A iniciativa de lançar um periódico de oposição ao regime salazarista no Brasil
parte de Vítor de Almeida Ramos e Manuel Ferreira de Moura, dois comunistas
portugueses chegados ao país há pouco mais de um ano. Nesse sentido diligenciam
junto de compatriotas de diferentes quadrantes políticos residentes em São
Paulo que se associam ao projecto. A 7 de Julho de 1956 sai a público o
primeiro número do jornal.
As dificuldades em granjear audiência entre a comunidade portuguesa imigrada e
na própria sociedade brasileira, pouco interessadas no discurso oposicionista,
aliadas à falta de recursos económicos e humanos, levam à suspensão do jornal
um ano depois. A publicação é retomada em Junho de 1958, para o que muito
contribui a chegada ao Brasil de um grupo de jornalistas, ex-quadros do jornal
lisboeta Diário Ilustrado, no ano anterior. São nessa altura formados o
primeiro conselho de redacção e o conselho de administração, instalando-se a
sede no Centro Republicano Português de São Paulo.

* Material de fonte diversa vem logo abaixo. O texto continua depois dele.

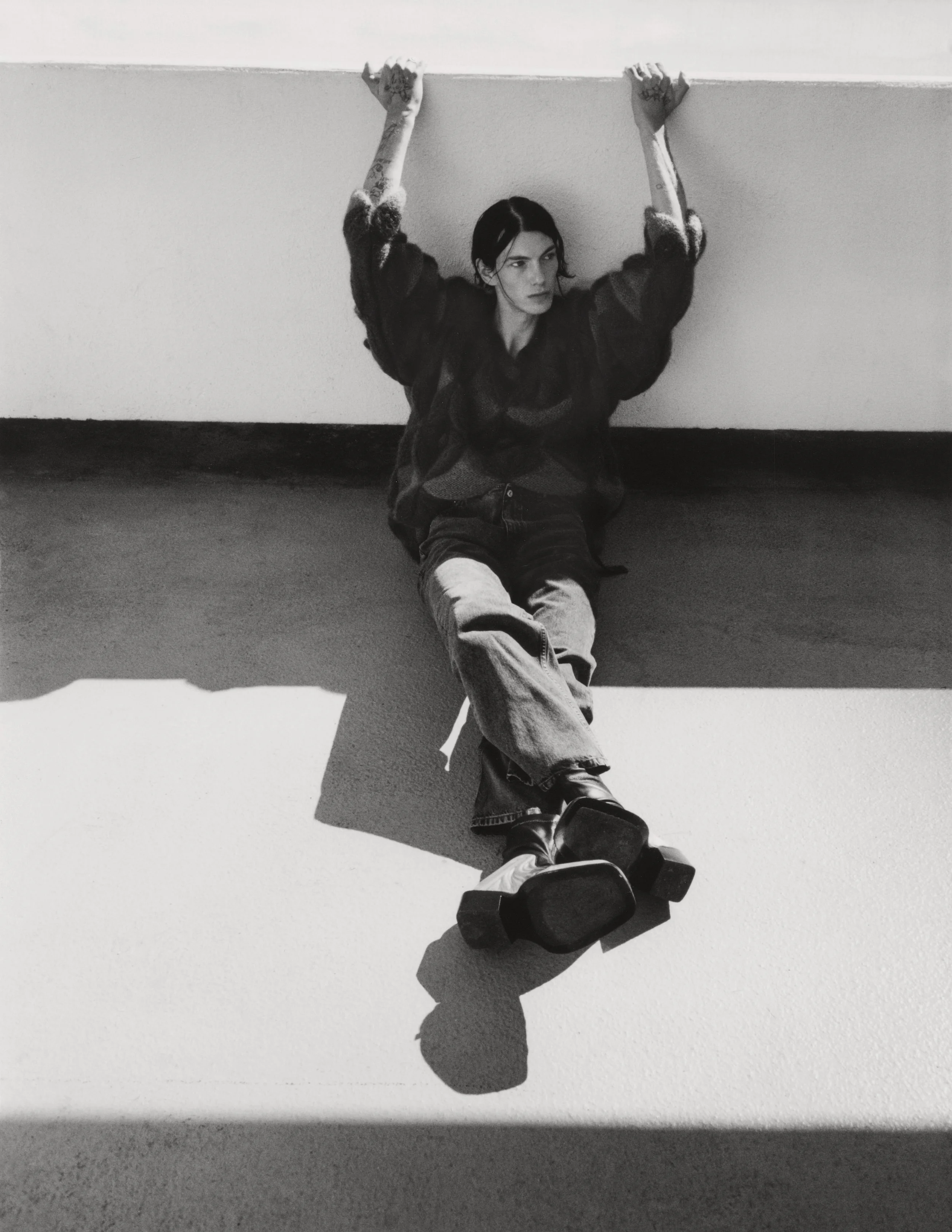 Schon_Magazine_45_12 (2).jpeg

A ampla divulgação da campanha presidencial de 1958 no Brasil alerta para a
situação portuguesa e o Portugal Democrático vai conquistando público ou, mais
propriamente, criando uma rede de solidariedade nos meios políticos,
intelectuais e artísticos brasileiros. Nos primeiros tempos, a preocupação
fundamental é desmistificar a propaganda do regime português, contestando a
justaposição de pátria e governo defendida no discurso oficial, questionando a
representatividade da sua presença institucional, personificada nos
«comendadores», defendendo a liberdade de expressão e o fim da censura,
apelando à amnistia dos presos e exilados políticos. Procura-se igualmente o
apoio junto dos emigrantes económicos e políticos, sublinhando que ambos haviam
sido forçados a sair da terra natal pelo mesmo poder político.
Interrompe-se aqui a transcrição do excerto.